[Work to be completed]
Drop every picture, then print the rest of the listing exactly as given.

[Data segment]
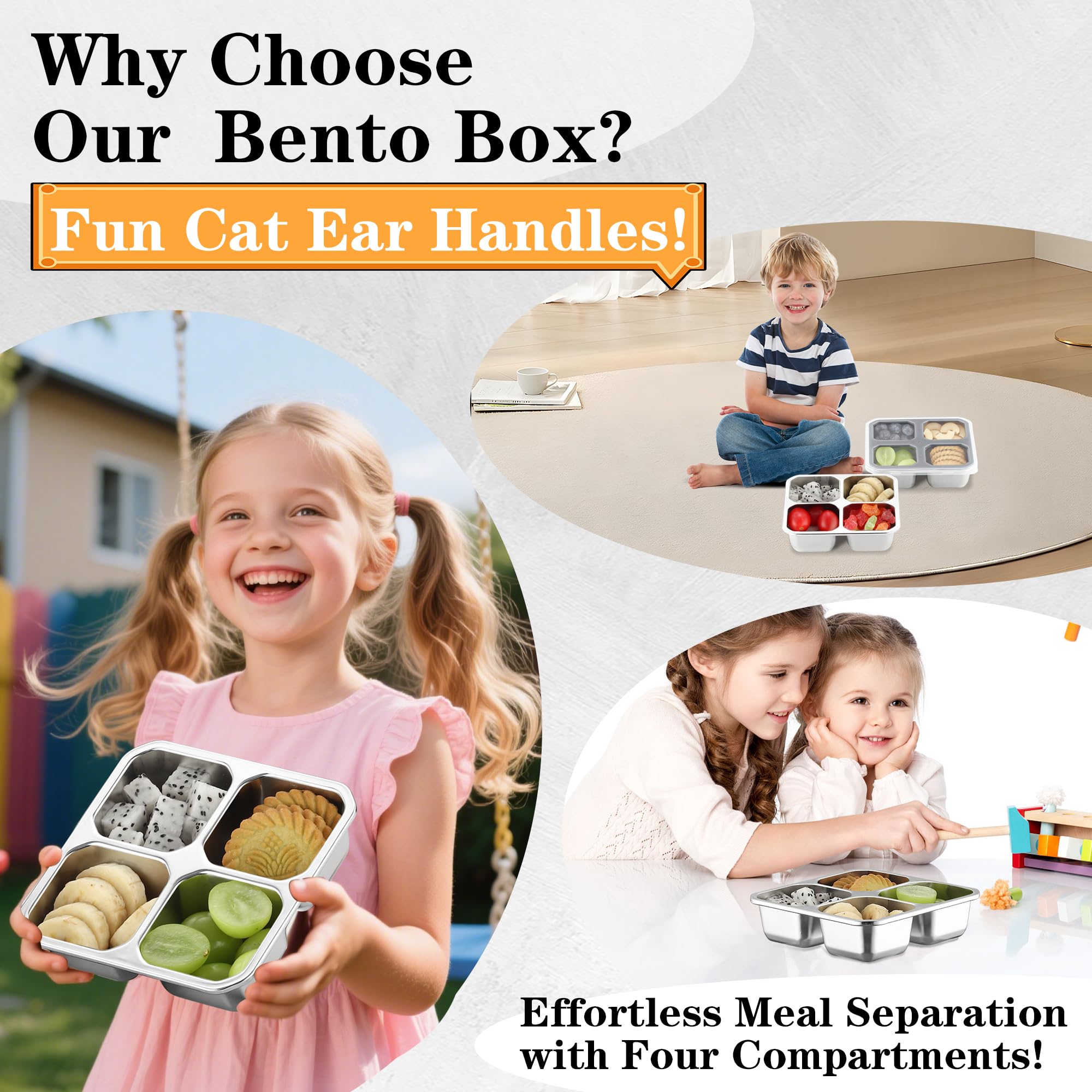 BEFOY reusable food storage reduces waste while keeping freshness.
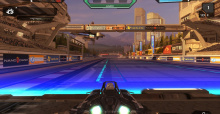 Quantum Rush: Champions (PC) Preview - Screenshots DLH.Net Preview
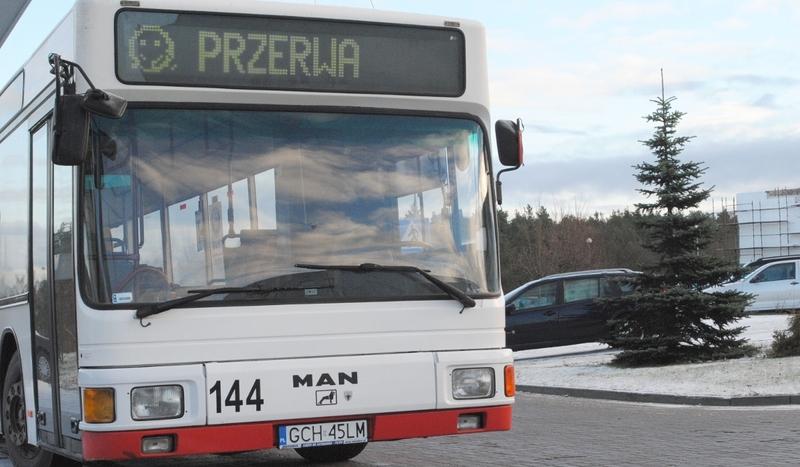 Zmiany w kurowaniu autobusów MZK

[Result]
 BEFOY reusable food storage reduces waste while keeping freshness.
 Quantum Rush: Champions (PC) Preview - Screenshots DLH.Net Preview
 Zmiany w kurowaniu autobusów MZK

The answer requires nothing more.